If two or more of the following apply, it is likely that you will be required to carry out a DPIA. This does not apply to existing systems but would apply if you introduced a new system.

  1. Profiling is in use. Example: you monitor website clicks or behaviour and record people’s interests.
  2. Automated-decision making. Example: when processing leads to the potential exclusion of individuals.
  3. CCTV surveillance of public areas. Processing used to observe, monitor or control data subjects.
  4. Sensitive personal data as well as personal data relating to criminal convictions or offences.
  5. Large scale data processing. There is no definition of “large scale”. However consider: the number of data subjects concerned, the volume of data and/or the range of different data items being processed.
  6. Linked databases - in other words, data aggregation. Example: two datasets merged together, which could “exceed the reasonable expectations of the user” e.g. you merge your mailing list with another council, club or association.
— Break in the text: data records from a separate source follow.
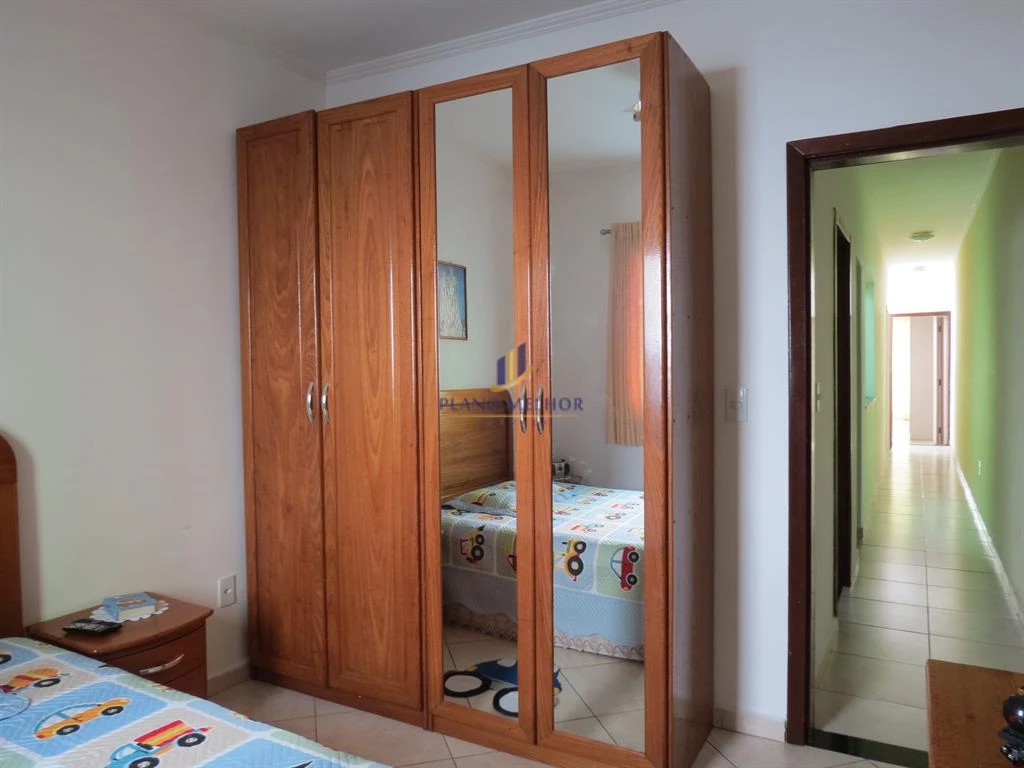 Casa, 3 quartos, 156 m² - Foto 12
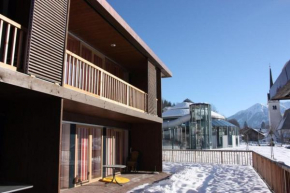 Schöneben Haus Elisabeth Wald Im Pinzgau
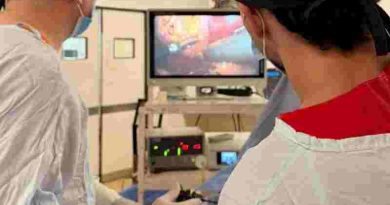 Salud Pública santafesina: en diez días, diez hospitales de alta complejidad realizarán más de 300 cirugías de vesícula y amígdalas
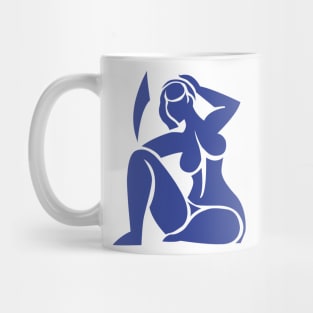 Matisse Style Mug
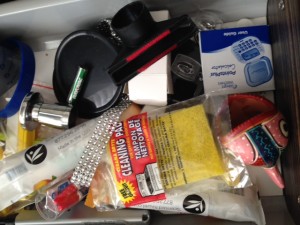 my junk drawer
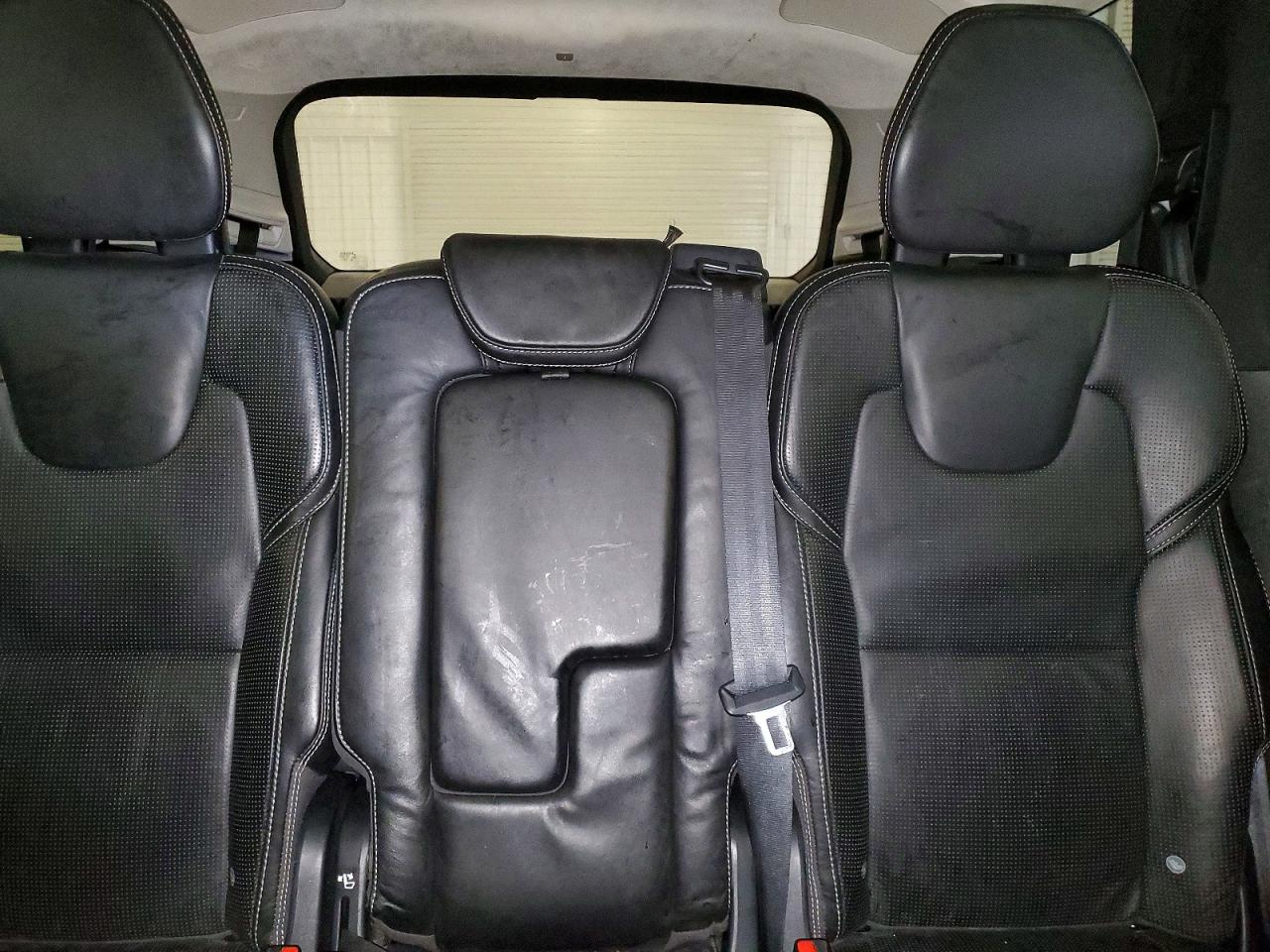 2019 VOLVO XC90 T6 INSCRIPTION photo 19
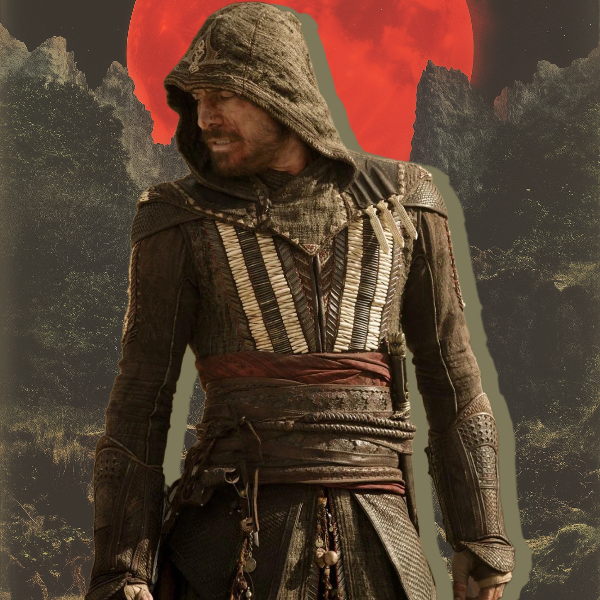 Assassin’s Creed ляжет в основу игрового сериала | Источник: theGirl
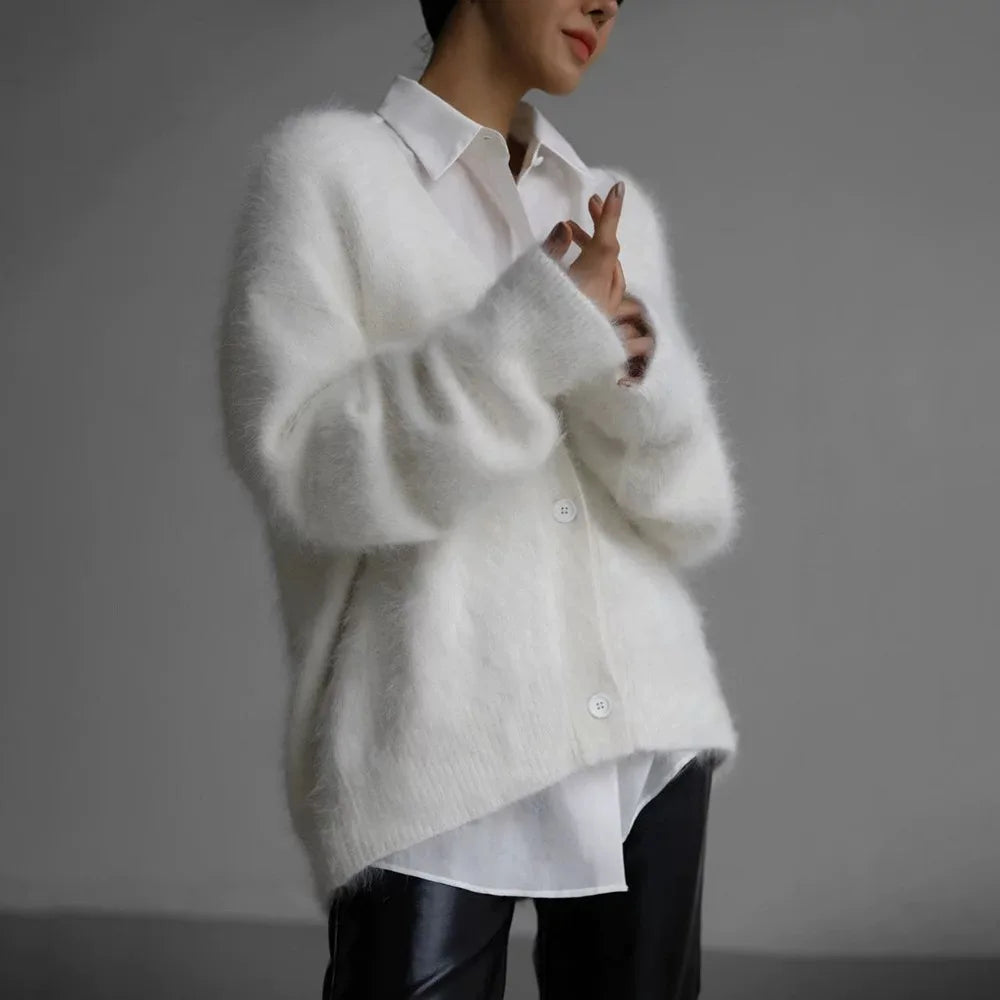 Hässleholm Cardigan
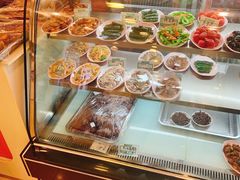 -香妃烤鸡(西单店)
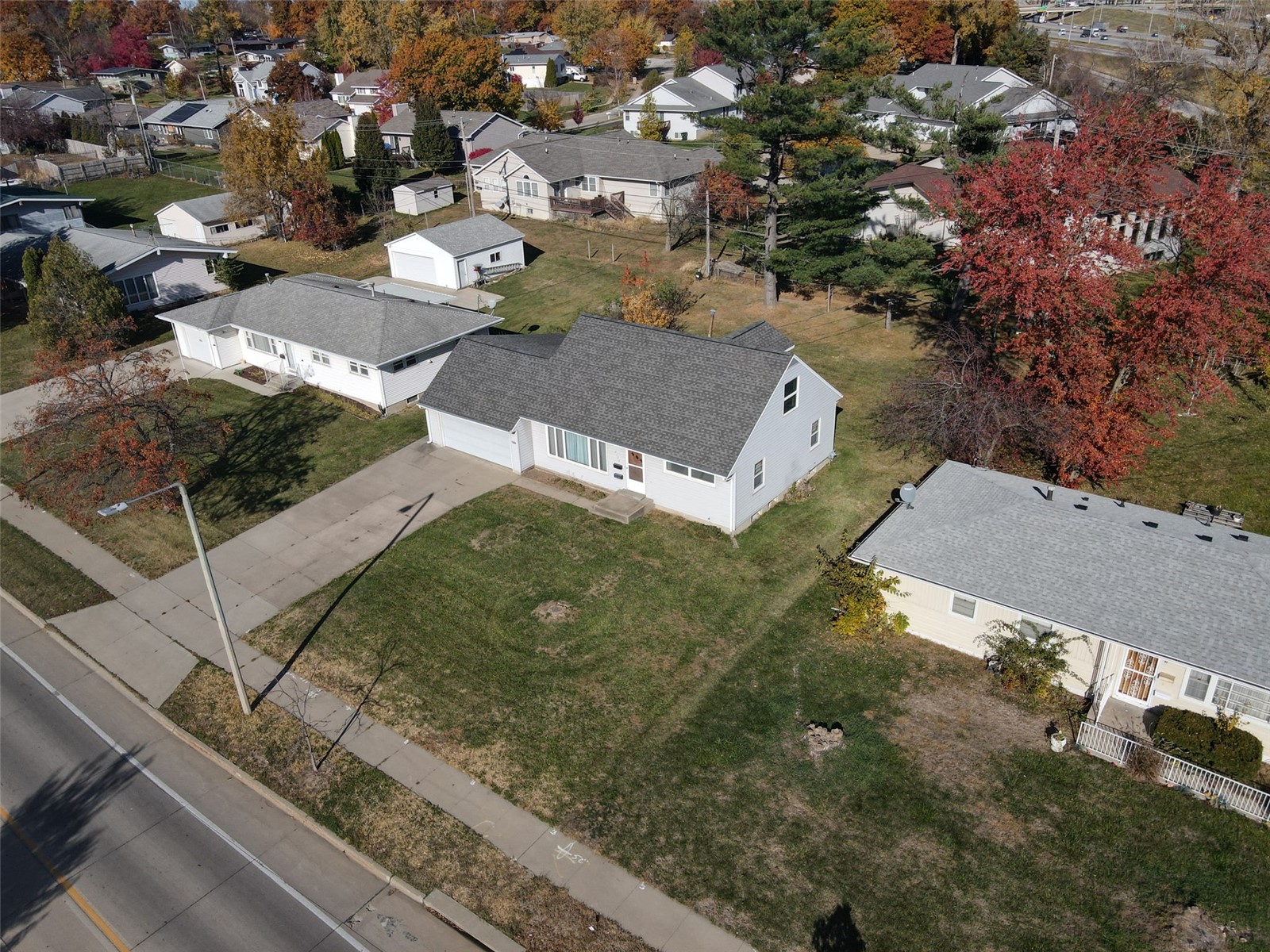 2106 42nd Street NE Cedar Rapids IA 52402
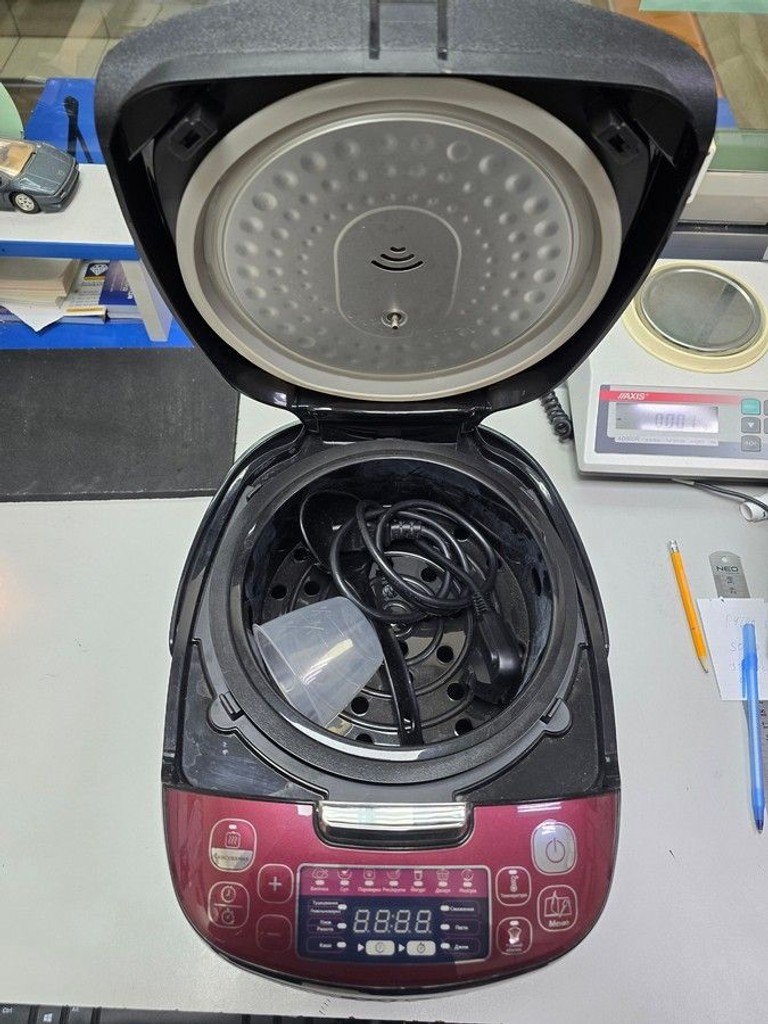 Купити Tefal RK740532 Б/У
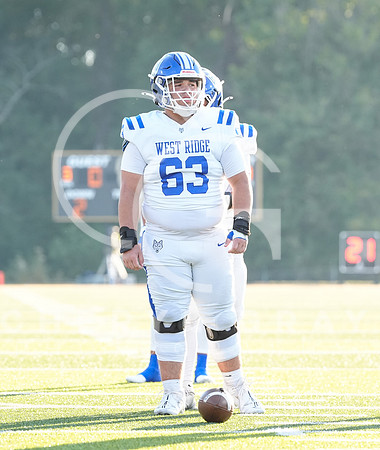 ©CGP 0829255 West Ridge @ David Crockett 07414
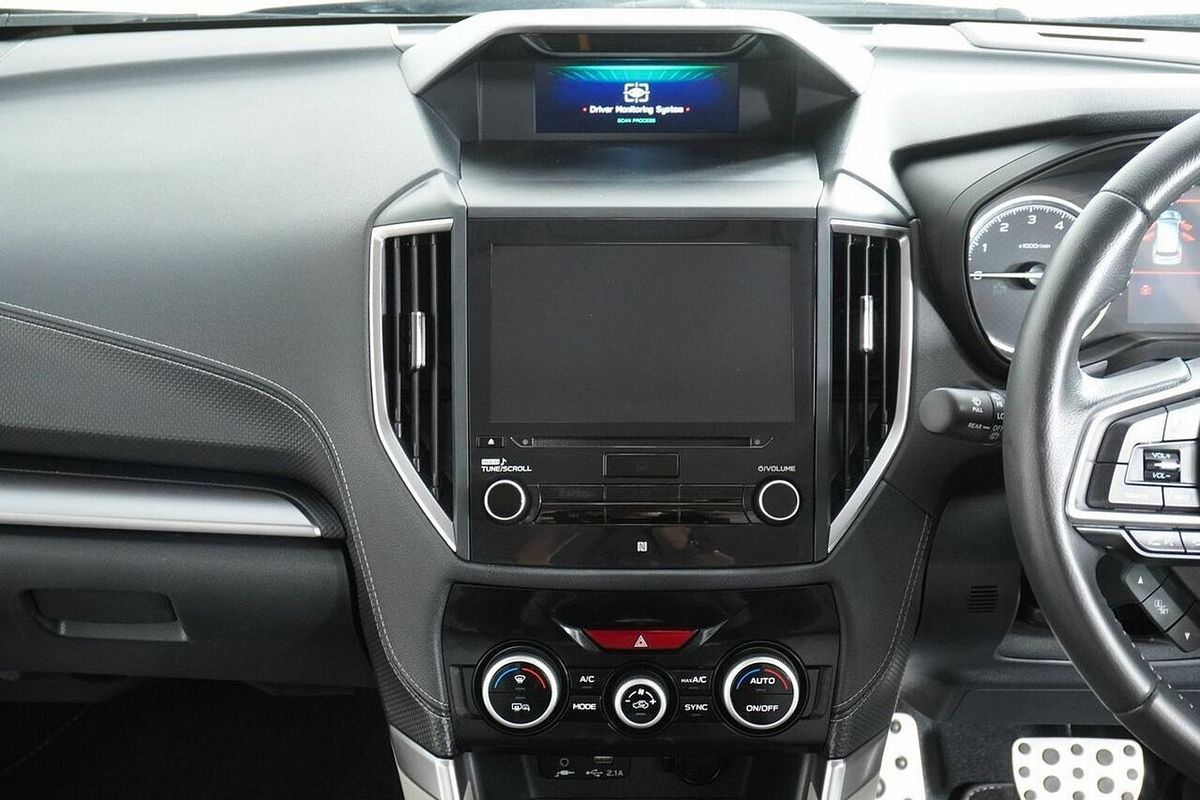 2020 Subaru Forester 2.5I Premium (AWD) MY20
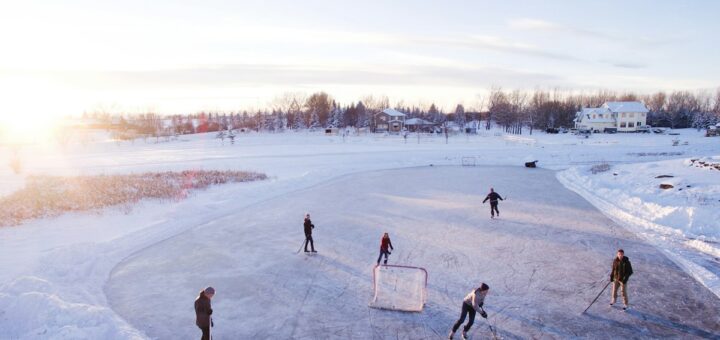 Least Hottest Sport: Which Sports Feel the Coolest?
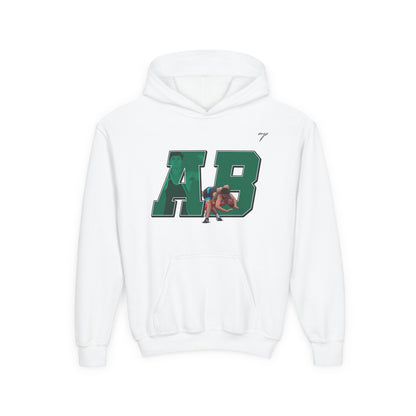 Adonis Bonar II YOUTH Hoodie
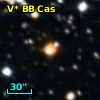 V* BB Cas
  7. Data concerning vulnerable data subjects, especially when power imbalances arise, e.g. staff-employer, where consent may be vague, data of children, mentally ill, asylum seekers, elderly, patients.
  8. “New technologies are in use”. E.g. use of social media, etc.
  9. Data transfers outside of the EEA.
  10. “Unavoidable and unexpected processing”. For example, processing performed on a public area that people passing by cannot avoid. Example: Wi-Fi tracking.